**Exercise data:**
---*---

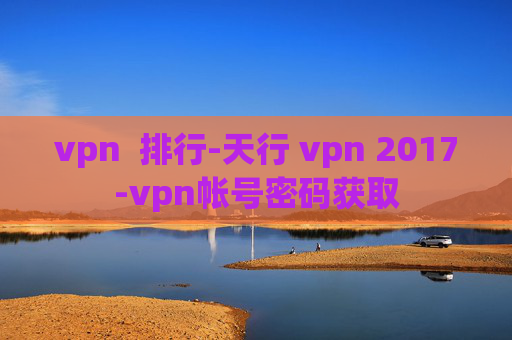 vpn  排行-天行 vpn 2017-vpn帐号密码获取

---*---

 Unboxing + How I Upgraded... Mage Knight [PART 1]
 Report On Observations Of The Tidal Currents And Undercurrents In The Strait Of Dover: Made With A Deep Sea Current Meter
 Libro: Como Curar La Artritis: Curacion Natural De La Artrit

---*---

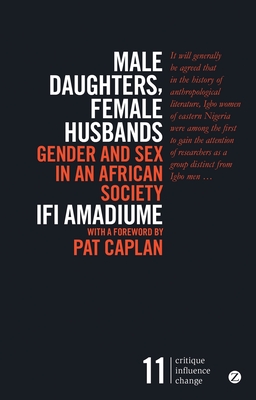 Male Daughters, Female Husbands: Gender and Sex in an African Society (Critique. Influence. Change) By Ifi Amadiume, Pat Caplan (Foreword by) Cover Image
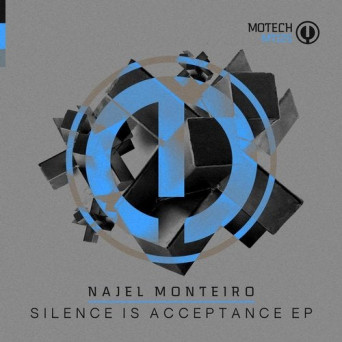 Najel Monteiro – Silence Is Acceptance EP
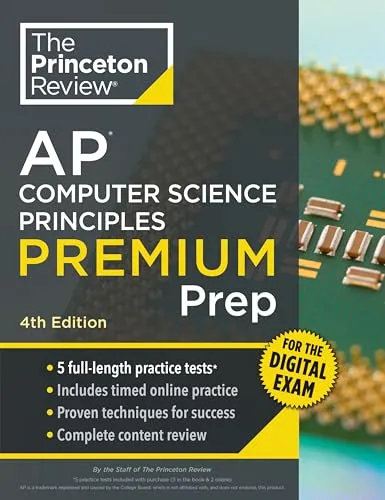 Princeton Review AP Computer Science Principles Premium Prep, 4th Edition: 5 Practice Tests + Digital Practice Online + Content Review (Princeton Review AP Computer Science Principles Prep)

---*---

**What is required:**
Copy only this part of the entries above: the line with "Unboxing + How", the line with "Libro: Como Curar", and the lines between, all exactly as written.

**Solution for this exercise:**
 Unboxing + How I Upgraded... Mage Knight [PART 1]
 Report On Observations Of The Tidal Currents And Undercurrents In The Strait Of Dover: Made With A Deep Sea Current Meter
 Libro: Como Curar La Artritis: Curacion Natural De La Artrit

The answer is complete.